On Wednesday, the Indian Supreme Court will hear arguments in Novartis’ challenge to India’s patent law. In 2006, the Indian Patent Office rejected Novartis’ patent application for the cancer drug Glivec (imatinib mesylate), saying that the drug was a new salt formulation of a known drug, and therefore unpatentable under Indian Law. Section 3(d) of the Indian Patents Act specifies that patents cannot be granted for “the mere discovery of a new form of a known substance which does not result in the enhancement of the known efficacy of that substance…” Novartis has asked that court to endorse a broad interpretation of the word “efficacy” that would include its product.

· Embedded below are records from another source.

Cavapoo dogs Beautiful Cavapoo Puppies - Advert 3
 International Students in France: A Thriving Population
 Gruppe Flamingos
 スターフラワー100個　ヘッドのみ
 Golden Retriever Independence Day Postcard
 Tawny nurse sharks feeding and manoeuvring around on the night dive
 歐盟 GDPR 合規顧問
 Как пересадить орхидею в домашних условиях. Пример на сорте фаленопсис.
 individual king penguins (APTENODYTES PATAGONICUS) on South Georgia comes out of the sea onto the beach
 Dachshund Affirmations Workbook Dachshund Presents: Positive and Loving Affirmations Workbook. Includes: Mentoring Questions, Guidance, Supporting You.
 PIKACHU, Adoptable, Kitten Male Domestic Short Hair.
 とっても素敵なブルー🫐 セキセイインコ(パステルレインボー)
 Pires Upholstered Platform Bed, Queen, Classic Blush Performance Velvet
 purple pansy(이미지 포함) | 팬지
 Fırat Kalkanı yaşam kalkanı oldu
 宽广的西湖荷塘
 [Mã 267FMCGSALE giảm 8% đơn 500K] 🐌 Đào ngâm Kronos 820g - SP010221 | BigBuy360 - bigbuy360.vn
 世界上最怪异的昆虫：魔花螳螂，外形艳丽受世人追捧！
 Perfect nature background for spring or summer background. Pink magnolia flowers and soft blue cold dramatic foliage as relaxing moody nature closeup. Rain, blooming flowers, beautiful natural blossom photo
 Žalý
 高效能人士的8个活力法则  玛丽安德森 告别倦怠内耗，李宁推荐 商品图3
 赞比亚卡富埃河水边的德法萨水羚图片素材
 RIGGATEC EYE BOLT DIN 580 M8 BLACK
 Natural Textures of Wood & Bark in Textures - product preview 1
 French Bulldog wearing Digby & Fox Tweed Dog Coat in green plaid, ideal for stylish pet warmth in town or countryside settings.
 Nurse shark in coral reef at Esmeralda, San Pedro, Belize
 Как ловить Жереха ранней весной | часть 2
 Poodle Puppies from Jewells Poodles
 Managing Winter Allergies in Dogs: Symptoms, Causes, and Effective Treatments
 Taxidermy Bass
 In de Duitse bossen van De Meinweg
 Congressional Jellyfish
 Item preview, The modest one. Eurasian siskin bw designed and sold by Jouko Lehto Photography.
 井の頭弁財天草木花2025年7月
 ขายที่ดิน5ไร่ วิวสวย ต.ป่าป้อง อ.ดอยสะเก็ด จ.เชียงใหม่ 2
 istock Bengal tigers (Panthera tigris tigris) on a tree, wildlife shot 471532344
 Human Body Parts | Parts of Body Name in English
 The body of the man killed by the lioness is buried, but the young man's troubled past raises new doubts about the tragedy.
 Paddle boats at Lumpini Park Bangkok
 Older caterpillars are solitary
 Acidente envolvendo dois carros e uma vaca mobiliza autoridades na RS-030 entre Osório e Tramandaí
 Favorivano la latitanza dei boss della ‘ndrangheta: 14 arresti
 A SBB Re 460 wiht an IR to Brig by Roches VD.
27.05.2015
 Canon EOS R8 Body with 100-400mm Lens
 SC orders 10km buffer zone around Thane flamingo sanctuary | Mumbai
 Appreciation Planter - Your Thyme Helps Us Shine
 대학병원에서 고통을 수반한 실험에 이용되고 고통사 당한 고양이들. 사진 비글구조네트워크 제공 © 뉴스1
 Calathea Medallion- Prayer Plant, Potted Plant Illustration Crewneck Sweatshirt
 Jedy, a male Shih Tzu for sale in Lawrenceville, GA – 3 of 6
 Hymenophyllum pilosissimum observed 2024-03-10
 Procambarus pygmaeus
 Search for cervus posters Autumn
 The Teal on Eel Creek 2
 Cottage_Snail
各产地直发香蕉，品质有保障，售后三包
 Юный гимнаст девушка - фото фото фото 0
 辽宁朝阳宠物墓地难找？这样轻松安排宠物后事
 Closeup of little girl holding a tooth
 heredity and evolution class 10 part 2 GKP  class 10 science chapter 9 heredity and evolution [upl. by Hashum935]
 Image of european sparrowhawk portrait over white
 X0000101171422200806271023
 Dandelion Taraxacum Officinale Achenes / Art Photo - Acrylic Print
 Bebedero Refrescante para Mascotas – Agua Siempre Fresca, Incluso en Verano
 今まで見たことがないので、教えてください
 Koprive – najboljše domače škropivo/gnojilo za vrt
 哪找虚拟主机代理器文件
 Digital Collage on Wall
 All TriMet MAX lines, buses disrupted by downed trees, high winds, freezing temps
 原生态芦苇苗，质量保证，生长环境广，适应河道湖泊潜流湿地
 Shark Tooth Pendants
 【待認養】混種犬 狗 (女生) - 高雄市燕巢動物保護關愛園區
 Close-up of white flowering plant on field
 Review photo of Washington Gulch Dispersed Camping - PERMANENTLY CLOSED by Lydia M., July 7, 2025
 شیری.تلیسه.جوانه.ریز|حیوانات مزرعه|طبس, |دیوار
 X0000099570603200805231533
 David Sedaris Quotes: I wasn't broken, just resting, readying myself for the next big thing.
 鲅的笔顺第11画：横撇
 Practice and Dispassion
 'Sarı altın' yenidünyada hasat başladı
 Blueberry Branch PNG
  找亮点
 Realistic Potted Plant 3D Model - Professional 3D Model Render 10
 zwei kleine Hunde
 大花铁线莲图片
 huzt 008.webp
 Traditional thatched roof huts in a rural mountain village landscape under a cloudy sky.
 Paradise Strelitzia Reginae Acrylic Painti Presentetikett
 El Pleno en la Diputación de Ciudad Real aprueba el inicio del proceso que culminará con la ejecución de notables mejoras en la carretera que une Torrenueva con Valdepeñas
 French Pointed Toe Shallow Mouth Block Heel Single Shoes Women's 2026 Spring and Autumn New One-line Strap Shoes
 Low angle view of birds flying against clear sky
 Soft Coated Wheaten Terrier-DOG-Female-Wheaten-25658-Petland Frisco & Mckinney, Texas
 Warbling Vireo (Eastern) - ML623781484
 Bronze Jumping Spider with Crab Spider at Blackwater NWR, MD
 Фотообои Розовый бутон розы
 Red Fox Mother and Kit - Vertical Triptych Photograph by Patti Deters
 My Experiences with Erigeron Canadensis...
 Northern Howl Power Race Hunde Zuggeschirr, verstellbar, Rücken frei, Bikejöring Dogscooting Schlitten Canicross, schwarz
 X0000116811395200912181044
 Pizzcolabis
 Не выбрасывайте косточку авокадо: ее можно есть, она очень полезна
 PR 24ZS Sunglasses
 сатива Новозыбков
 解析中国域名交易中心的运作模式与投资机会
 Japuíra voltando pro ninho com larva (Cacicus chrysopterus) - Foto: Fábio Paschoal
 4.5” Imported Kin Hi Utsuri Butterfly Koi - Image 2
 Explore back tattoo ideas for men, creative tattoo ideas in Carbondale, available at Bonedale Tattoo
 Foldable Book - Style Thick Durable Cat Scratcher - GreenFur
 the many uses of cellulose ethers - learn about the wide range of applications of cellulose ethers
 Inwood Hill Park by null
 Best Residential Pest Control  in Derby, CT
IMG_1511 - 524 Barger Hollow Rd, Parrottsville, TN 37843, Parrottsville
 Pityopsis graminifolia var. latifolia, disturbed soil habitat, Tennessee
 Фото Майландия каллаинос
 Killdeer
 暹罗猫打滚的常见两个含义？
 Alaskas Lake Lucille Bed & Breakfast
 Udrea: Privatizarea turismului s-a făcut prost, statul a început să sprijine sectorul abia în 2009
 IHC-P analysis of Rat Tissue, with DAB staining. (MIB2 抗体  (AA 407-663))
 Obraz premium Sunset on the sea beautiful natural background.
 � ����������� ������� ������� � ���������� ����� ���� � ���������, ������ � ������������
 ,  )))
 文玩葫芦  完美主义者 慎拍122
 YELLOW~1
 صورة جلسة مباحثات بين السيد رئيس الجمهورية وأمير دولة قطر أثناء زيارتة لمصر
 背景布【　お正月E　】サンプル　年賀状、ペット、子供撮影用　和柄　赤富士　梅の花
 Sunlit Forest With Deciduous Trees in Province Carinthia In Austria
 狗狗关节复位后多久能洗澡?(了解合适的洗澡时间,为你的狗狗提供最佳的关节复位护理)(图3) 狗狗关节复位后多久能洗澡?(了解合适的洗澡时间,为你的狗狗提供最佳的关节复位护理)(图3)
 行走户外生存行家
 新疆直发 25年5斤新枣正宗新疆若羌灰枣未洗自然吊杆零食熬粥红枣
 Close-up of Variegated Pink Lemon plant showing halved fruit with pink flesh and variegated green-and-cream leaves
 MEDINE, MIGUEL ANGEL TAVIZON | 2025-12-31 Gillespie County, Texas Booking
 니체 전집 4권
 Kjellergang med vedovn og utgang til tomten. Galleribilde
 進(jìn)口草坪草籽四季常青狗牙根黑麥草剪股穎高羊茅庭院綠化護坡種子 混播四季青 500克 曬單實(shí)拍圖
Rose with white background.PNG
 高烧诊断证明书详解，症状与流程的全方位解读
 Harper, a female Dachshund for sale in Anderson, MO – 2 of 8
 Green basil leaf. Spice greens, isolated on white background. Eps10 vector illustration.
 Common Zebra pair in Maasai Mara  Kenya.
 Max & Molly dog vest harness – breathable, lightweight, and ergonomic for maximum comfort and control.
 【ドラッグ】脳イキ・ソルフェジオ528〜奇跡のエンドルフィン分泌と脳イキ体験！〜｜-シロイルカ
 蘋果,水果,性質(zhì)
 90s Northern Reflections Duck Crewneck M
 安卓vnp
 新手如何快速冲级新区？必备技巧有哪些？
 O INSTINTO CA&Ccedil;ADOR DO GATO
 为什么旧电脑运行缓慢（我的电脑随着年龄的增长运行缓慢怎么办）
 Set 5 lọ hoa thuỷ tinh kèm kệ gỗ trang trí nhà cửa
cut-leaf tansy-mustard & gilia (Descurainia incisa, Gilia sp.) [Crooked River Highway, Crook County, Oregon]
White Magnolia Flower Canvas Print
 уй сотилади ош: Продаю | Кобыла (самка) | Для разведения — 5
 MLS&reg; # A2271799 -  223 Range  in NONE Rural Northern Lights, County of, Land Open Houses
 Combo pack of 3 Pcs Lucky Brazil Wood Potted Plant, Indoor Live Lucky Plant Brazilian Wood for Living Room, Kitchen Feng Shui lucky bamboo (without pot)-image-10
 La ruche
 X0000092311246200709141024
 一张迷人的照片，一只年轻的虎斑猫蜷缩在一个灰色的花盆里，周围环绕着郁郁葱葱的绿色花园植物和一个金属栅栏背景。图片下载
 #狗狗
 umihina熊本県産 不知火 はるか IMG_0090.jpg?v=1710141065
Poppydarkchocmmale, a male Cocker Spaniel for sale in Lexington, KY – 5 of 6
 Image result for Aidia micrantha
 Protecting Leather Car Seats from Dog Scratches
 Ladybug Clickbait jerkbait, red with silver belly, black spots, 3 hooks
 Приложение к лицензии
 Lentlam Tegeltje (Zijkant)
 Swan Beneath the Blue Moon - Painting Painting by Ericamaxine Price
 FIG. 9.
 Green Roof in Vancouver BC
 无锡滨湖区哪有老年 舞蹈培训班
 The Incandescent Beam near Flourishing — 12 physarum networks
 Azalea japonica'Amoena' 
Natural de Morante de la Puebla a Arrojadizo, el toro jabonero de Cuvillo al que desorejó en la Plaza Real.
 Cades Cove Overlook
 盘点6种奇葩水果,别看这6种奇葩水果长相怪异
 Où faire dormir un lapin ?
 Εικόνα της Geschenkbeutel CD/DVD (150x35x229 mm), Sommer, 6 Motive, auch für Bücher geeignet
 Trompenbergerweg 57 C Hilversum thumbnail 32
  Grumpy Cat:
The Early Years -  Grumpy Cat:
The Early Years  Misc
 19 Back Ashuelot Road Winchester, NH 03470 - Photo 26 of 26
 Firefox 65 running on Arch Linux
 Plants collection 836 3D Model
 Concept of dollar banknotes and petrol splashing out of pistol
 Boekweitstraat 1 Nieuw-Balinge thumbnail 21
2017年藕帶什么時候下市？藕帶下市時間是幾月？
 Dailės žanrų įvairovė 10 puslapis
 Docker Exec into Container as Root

Public health NGOs have warned that the Indian generic industry – which provides the vast majority of medicines taken by people in the developing world, including antiretrovirals for HIV/AIDS – relies on the flexibility of Indian patent law. They have urged Novartis to drop the case. Leena Menghaney from Médecins Sans Frontières told the Globe and Mail that “if the Supreme Court broadens the way ‘efficacy’ is interpreted, it will open a flood of patents. It’s not just a cancer drug. Everyone else will be stuck with that decision.”
A good description of 3(d) is presented by Shamnad Basheer & T. Prashant Reddy in The “Efficacy” of Indian Patent Law: Ironing out the Creases in Section 3(d).